▸ **HOW TO COMPLETE THIS TASK**
Leaving out all pictures, repeat exactly the lines from the one that holds "Let's see which" to the last line of the entries below.
::::
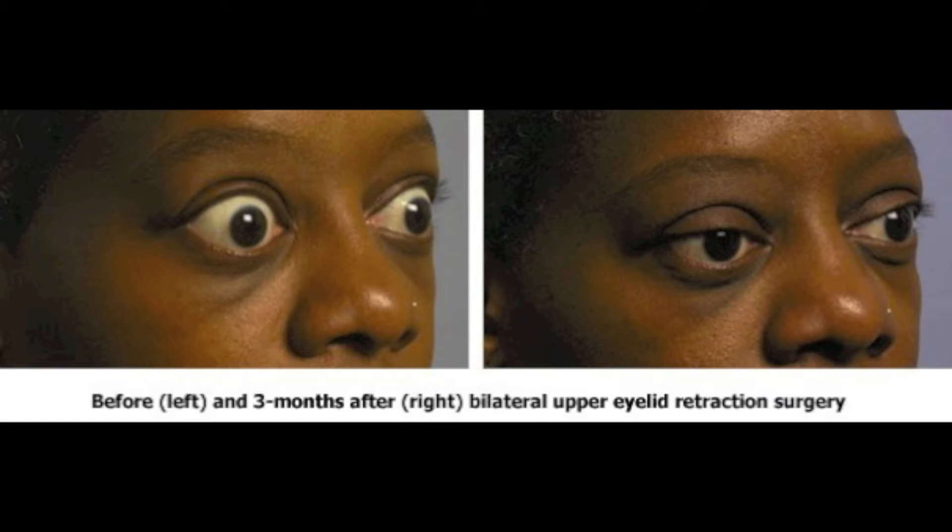The most common cause for eye bulginess is thyroid eye disease. Abnormal thyroid function can affect the eyes and make them more bulgy. Other causes include how the patient was born — congenital — and many other causes.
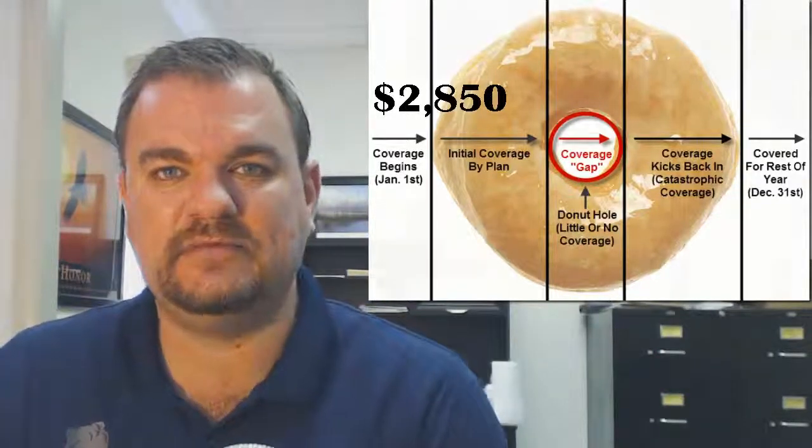The good thing about 2014 and beyond, all the way up until 2020, is that when you're in the donut hole, it's not as bad as last year. Last year and before, being in the donut hole meant you pay 100% of all the drugs while you're in that donut hole, until you reach the catastrophic limit, and then there are copayments again. So you pay copayments all the way until you hit the donut hole. Then when you're in the donut hole, you're on your own. When you emerge from the donut hole in the catastrophic area, you're again covered with some copayments.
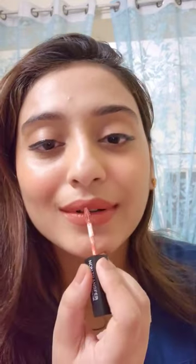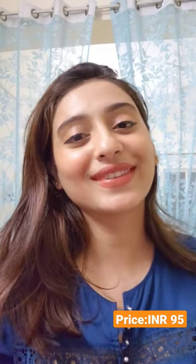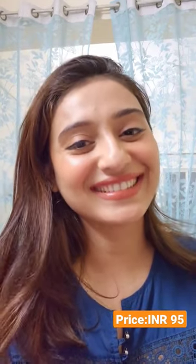It has a matte finish with a non-drying formula. It's transfer proof, smudge proof, and even waterproof. This shade will suit fair to medium skin tones. And yes, it only retails for Rs 95.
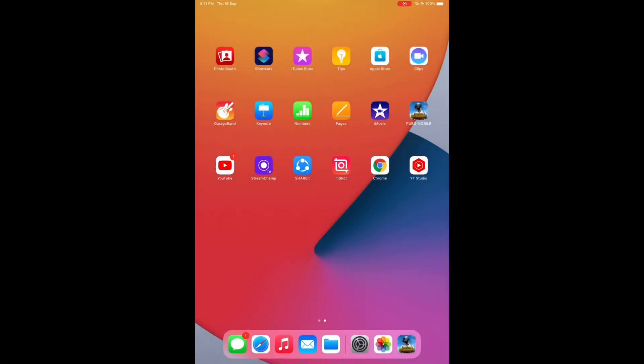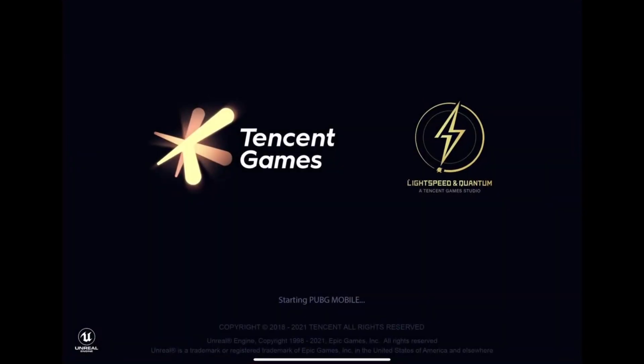Hi DJ Family! Today I will be testing iPad Pro 2021. First of all, let's check the PUBG opening time, so let's get started.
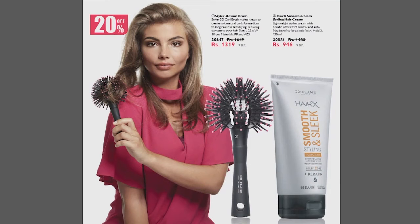Let's see which company has discounted us in this sales flyer and how much we can do with our business.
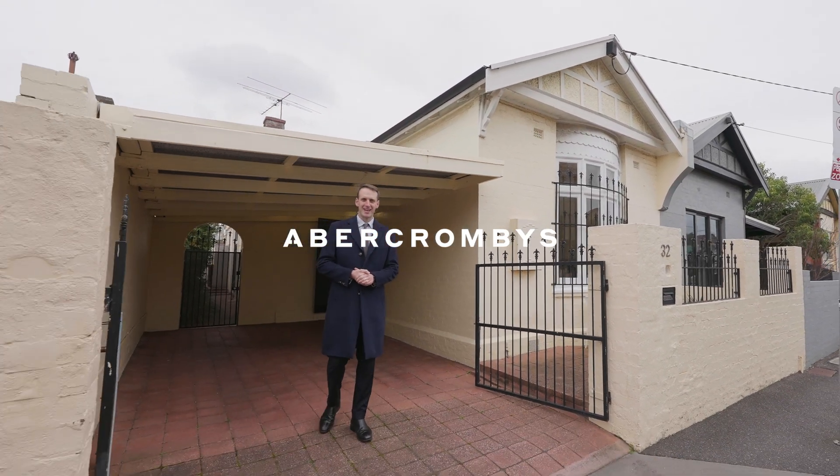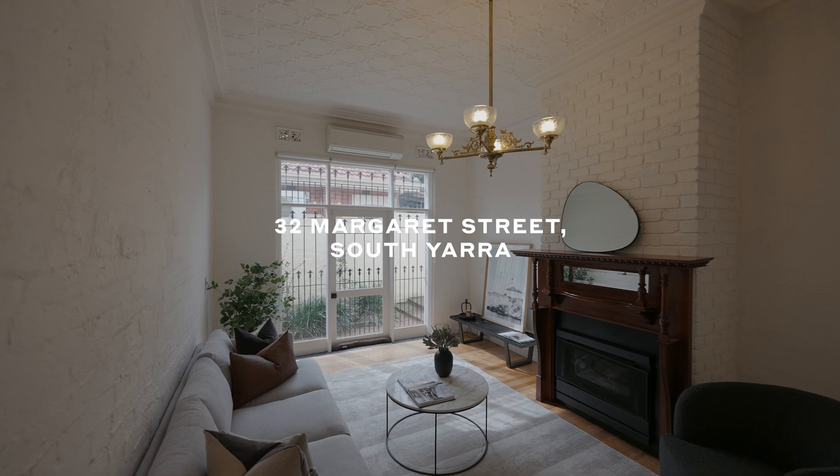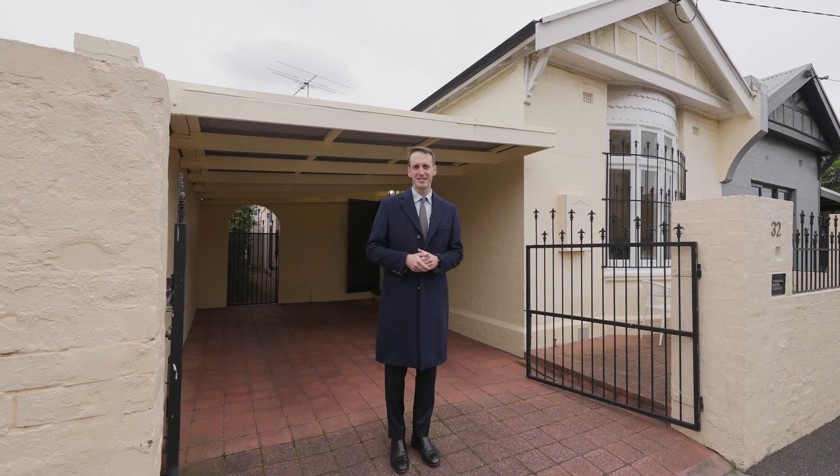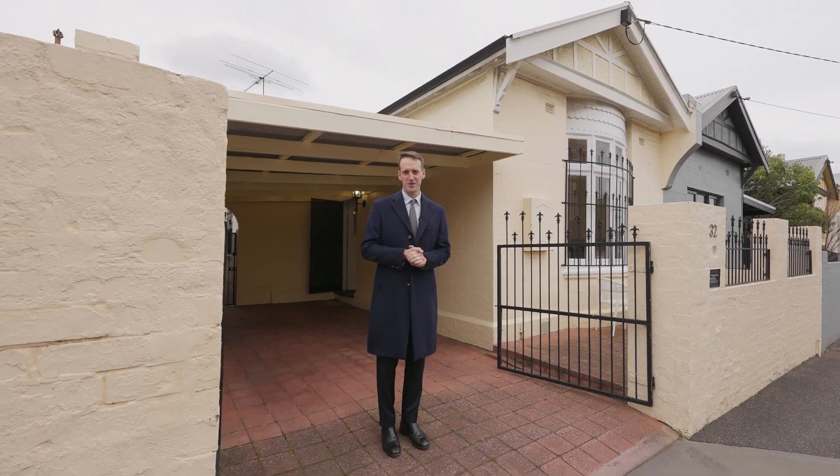This is 32 Margaret Street in South Yarra. It's a beautiful single-fronted Victorian home set on approximately 200 square metres of land. The home has some great period detail throughout, and the key is the off-street parking I'm standing in right now. I'm really excited to see what you think.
::::
▸ **ANSWER SPACE**
Let's see which company has discounted us in this sales flyer and how much we can do with our business.
This is 32 Margaret Street in South Yarra. It's a beautiful single-fronted Victorian home set on approximately 200 square metres of land. The home has some great period detail throughout, and the key is the off-street parking I'm standing in right now. I'm really excited to see what you think.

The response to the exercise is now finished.